When the idea of location-specificity first came up, a few years ago, I came up with a simple way to location-enable venues. The particular implementation we had in mind facilitated chance meetings of like-minded people, location-based marketing and offers flirting in social spaces. We never used it, so here it is.
- First, set up a website, where users of the system can register their contact details, mobile phone number and data about their characteristics and interests — obviously this can also be used for demographic mapping and direct marketing.
- Then, for every venue which wishes to participate, assign a unique (short) ID number. Venues can use this number in their own marketing, and more importantly, make it clearly visible at their entrances, or places within the venue where people spend some dead time — queuing at the bar, in the bacthrooms, for example.
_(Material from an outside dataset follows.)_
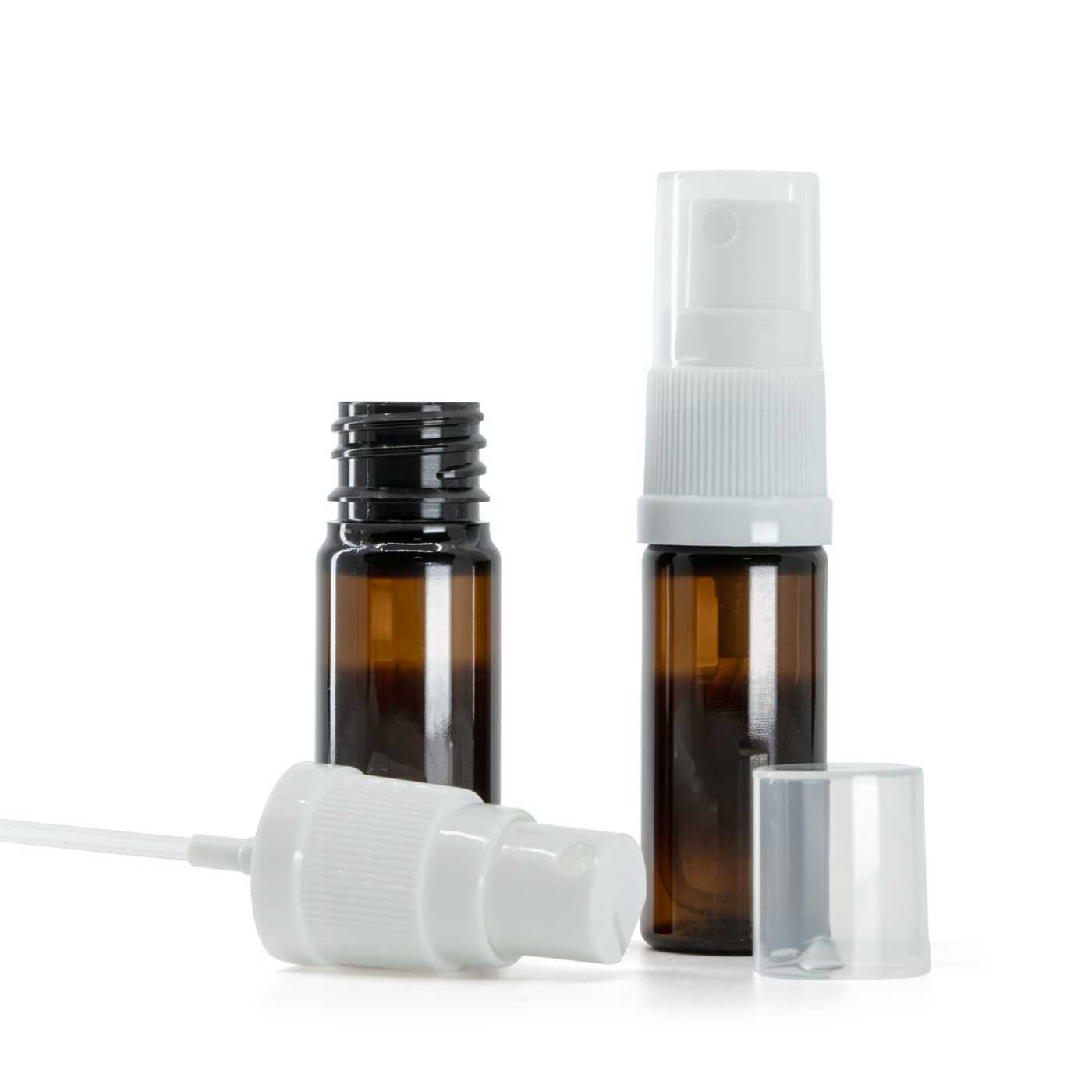 Flacon en plastique ambré avec spray blanc, 10 ml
- When people enter the venue, they see the ID for that space, and text it to a freephone number (or not free, if you want that as a revenue stream).
- From some basic characteristics of the venue, assume that once this happens, that person is likely to be there for some set period of time — maybe an hour for a bar, for example, on until that user keys in a new ID for another location. When that period elapses, their location is flagged as ‘unknown’.
- During the period that a given user is assumed to be in a given location, depending what location-specific services they’ve signed up for, they can be texted with details of the other people, offers and services available there — these could for example include ‘buy one get one free’ offers, or even the news that a single 30-something person with similar tastes just entered wearing (whatever they keyed in before leaving home).
It’s a very simple scheme, which could work well for a variety of marketing/sales purposes. I’m surprised no-one has developed this independently and tried it out.